Activity:
The answer must be the full listing, retyped exactly.

- Opening Delimiter -

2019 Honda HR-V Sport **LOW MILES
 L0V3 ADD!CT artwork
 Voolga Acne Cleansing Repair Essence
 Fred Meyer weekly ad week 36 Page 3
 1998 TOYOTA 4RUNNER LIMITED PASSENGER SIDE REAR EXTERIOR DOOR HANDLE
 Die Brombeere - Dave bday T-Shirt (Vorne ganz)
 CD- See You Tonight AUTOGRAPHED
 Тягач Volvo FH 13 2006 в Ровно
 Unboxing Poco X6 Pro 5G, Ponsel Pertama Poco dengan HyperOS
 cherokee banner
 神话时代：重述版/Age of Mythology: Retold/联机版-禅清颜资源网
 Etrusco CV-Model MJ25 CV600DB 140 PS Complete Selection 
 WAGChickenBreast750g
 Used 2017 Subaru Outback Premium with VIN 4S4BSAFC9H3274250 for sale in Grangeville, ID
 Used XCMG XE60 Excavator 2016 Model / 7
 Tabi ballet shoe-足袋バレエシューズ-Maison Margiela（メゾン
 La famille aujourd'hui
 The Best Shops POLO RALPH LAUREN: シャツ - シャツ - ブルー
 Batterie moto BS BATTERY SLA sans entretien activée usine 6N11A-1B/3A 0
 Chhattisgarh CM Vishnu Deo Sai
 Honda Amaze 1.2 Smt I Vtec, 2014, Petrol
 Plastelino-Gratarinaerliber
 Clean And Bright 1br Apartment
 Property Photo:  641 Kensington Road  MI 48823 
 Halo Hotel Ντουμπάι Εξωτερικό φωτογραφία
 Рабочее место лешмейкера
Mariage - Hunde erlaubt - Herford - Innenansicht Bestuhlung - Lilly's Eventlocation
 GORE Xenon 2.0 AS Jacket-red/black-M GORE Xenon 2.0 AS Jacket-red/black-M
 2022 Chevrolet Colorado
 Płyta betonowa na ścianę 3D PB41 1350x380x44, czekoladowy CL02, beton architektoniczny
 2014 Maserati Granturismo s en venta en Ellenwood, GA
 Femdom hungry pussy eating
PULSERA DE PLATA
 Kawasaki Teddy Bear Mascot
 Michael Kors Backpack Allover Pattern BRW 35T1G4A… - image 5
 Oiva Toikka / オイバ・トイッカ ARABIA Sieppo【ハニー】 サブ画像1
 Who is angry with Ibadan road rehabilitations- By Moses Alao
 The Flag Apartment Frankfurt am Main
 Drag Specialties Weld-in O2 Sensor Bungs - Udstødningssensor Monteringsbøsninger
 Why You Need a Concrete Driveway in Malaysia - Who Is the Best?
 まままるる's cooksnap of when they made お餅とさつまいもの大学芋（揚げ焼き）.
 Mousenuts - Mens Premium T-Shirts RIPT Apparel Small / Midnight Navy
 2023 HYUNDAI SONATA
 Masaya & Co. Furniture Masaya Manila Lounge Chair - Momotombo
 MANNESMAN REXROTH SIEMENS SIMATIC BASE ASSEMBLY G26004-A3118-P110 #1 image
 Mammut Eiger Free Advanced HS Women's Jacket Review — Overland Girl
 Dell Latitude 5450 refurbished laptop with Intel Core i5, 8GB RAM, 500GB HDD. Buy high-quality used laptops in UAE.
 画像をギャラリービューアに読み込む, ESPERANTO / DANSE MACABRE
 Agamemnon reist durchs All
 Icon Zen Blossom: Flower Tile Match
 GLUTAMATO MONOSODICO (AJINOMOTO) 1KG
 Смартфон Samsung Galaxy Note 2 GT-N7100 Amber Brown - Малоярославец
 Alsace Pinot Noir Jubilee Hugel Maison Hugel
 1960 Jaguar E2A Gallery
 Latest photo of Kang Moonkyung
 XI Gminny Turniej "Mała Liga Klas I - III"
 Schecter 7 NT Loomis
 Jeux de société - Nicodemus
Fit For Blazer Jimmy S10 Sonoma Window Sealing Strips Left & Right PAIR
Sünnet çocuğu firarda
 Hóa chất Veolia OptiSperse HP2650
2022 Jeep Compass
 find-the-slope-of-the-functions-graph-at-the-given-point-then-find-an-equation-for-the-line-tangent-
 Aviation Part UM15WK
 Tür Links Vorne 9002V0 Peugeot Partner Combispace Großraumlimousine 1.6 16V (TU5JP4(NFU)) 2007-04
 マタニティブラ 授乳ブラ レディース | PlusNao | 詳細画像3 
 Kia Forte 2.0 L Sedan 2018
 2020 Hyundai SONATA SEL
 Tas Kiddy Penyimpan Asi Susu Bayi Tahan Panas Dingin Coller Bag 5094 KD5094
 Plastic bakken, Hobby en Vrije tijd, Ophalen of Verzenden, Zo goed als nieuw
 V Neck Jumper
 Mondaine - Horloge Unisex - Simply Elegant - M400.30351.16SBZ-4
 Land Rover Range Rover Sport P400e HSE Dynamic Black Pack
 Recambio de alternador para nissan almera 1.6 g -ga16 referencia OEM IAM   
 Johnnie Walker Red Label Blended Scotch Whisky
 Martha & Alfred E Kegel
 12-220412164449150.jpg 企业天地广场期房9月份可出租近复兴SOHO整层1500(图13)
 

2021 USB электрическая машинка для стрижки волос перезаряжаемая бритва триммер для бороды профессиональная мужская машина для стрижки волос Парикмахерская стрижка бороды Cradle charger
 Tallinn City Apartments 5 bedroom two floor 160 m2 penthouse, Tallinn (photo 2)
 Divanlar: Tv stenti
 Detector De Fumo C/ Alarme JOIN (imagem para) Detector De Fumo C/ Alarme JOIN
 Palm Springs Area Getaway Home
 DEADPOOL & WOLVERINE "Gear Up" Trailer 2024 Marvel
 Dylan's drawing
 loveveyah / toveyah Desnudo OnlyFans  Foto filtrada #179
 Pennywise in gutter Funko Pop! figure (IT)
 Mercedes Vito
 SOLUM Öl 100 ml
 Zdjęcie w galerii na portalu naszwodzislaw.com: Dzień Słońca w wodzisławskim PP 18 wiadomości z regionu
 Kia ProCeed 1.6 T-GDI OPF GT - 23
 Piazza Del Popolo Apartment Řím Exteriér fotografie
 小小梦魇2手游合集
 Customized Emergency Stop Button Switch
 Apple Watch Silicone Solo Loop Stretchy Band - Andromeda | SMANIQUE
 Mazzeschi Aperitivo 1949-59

- Closing Delimiter -

Solution for this task:
2019 Honda HR-V Sport **LOW MILES
 L0V3 ADD!CT artwork
 Voolga Acne Cleansing Repair Essence
 Fred Meyer weekly ad week 36 Page 3
 1998 TOYOTA 4RUNNER LIMITED PASSENGER SIDE REAR EXTERIOR DOOR HANDLE
 Die Brombeere - Dave bday T-Shirt (Vorne ganz)
 CD- See You Tonight AUTOGRAPHED
 Тягач Volvo FH 13 2006 в Ровно
 Unboxing Poco X6 Pro 5G, Ponsel Pertama Poco dengan HyperOS
 cherokee banner
 神话时代：重述版/Age of Mythology: Retold/联机版-禅清颜资源网
 Etrusco CV-Model MJ25 CV600DB 140 PS Complete Selection 
 WAGChickenBreast750g
 Used 2017 Subaru Outback Premium with VIN 4S4BSAFC9H3274250 for sale in Grangeville, ID
 Used XCMG XE60 Excavator 2016 Model / 7
 Tabi ballet shoe-足袋バレエシューズ-Maison Margiela（メゾン
 La famille aujourd'hui
 The Best Shops POLO RALPH LAUREN: シャツ - シャツ - ブルー
 Batterie moto BS BATTERY SLA sans entretien activée usine 6N11A-1B/3A 0
 Chhattisgarh CM Vishnu Deo Sai
 Honda Amaze 1.2 Smt I Vtec, 2014, Petrol
 Plastelino-Gratarinaerliber
 Clean And Bright 1br Apartment
 Property Photo:  641 Kensington Road  MI 48823 
 Halo Hotel Ντουμπάι Εξωτερικό φωτογραφία
 Рабочее место лешмейкера
Mariage - Hunde erlaubt - Herford - Innenansicht Bestuhlung - Lilly's Eventlocation
 GORE Xenon 2.0 AS Jacket-red/black-M GORE Xenon 2.0 AS Jacket-red/black-M
 2022 Chevrolet Colorado
 Płyta betonowa na ścianę 3D PB41 1350x380x44, czekoladowy CL02, beton architektoniczny
 2014 Maserati Granturismo s en venta en Ellenwood, GA
 Femdom hungry pussy eating
PULSERA DE PLATA
 Kawasaki Teddy Bear Mascot
 Michael Kors Backpack Allover Pattern BRW 35T1G4A… - image 5
 Oiva Toikka / オイバ・トイッカ ARABIA Sieppo【ハニー】 サブ画像1
 Who is angry with Ibadan road rehabilitations- By Moses Alao
 The Flag Apartment Frankfurt am Main
 Drag Specialties Weld-in O2 Sensor Bungs - Udstødningssensor Monteringsbøsninger
 Why You Need a Concrete Driveway in Malaysia - Who Is the Best?
 まままるる's cooksnap of when they made お餅とさつまいもの大学芋（揚げ焼き）.
 Mousenuts - Mens Premium T-Shirts RIPT Apparel Small / Midnight Navy
 2023 HYUNDAI SONATA
 Masaya & Co. Furniture Masaya Manila Lounge Chair - Momotombo
 MANNESMAN REXROTH SIEMENS SIMATIC BASE ASSEMBLY G26004-A3118-P110 #1 image
 Mammut Eiger Free Advanced HS Women's Jacket Review — Overland Girl
 Dell Latitude 5450 refurbished laptop with Intel Core i5, 8GB RAM, 500GB HDD. Buy high-quality used laptops in UAE.
 画像をギャラリービューアに読み込む, ESPERANTO / DANSE MACABRE
 Agamemnon reist durchs All
 Icon Zen Blossom: Flower Tile Match
 GLUTAMATO MONOSODICO (AJINOMOTO) 1KG
 Смартфон Samsung Galaxy Note 2 GT-N7100 Amber Brown - Малоярославец
 Alsace Pinot Noir Jubilee Hugel Maison Hugel
 1960 Jaguar E2A Gallery
 Latest photo of Kang Moonkyung
 XI Gminny Turniej "Mała Liga Klas I - III"
 Schecter 7 NT Loomis
 Jeux de société - Nicodemus
Fit For Blazer Jimmy S10 Sonoma Window Sealing Strips Left & Right PAIR
Sünnet çocuğu firarda
 Hóa chất Veolia OptiSperse HP2650
2022 Jeep Compass
 find-the-slope-of-the-functions-graph-at-the-given-point-then-find-an-equation-for-the-line-tangent-
 Aviation Part UM15WK
 Tür Links Vorne 9002V0 Peugeot Partner Combispace Großraumlimousine 1.6 16V (TU5JP4(NFU)) 2007-04
 マタニティブラ 授乳ブラ レディース | PlusNao | 詳細画像3 
 Kia Forte 2.0 L Sedan 2018
 2020 Hyundai SONATA SEL
 Tas Kiddy Penyimpan Asi Susu Bayi Tahan Panas Dingin Coller Bag 5094 KD5094
 Plastic bakken, Hobby en Vrije tijd, Ophalen of Verzenden, Zo goed als nieuw
 V Neck Jumper
 Mondaine - Horloge Unisex - Simply Elegant - M400.30351.16SBZ-4
 Land Rover Range Rover Sport P400e HSE Dynamic Black Pack
 Recambio de alternador para nissan almera 1.6 g -ga16 referencia OEM IAM   
 Johnnie Walker Red Label Blended Scotch Whisky
 Martha & Alfred E Kegel
 12-220412164449150.jpg 企业天地广场期房9月份可出租近复兴SOHO整层1500(图13)
 

2021 USB электрическая машинка для стрижки волос перезаряжаемая бритва триммер для бороды профессиональная мужская машина для стрижки волос Парикмахерская стрижка бороды Cradle charger
 Tallinn City Apartments 5 bedroom two floor 160 m2 penthouse, Tallinn (photo 2)
 Divanlar: Tv stenti
 Detector De Fumo C/ Alarme JOIN (imagem para) Detector De Fumo C/ Alarme JOIN
 Palm Springs Area Getaway Home
 DEADPOOL & WOLVERINE "Gear Up" Trailer 2024 Marvel
 Dylan's drawing
 loveveyah / toveyah Desnudo OnlyFans  Foto filtrada #179
 Pennywise in gutter Funko Pop! figure (IT)
 Mercedes Vito
 SOLUM Öl 100 ml
 Zdjęcie w galerii na portalu naszwodzislaw.com: Dzień Słońca w wodzisławskim PP 18 wiadomości z regionu
 Kia ProCeed 1.6 T-GDI OPF GT - 23
 Piazza Del Popolo Apartment Řím Exteriér fotografie
 小小梦魇2手游合集
 Customized Emergency Stop Button Switch
 Apple Watch Silicone Solo Loop Stretchy Band - Andromeda | SMANIQUE
 Mazzeschi Aperitivo 1949-59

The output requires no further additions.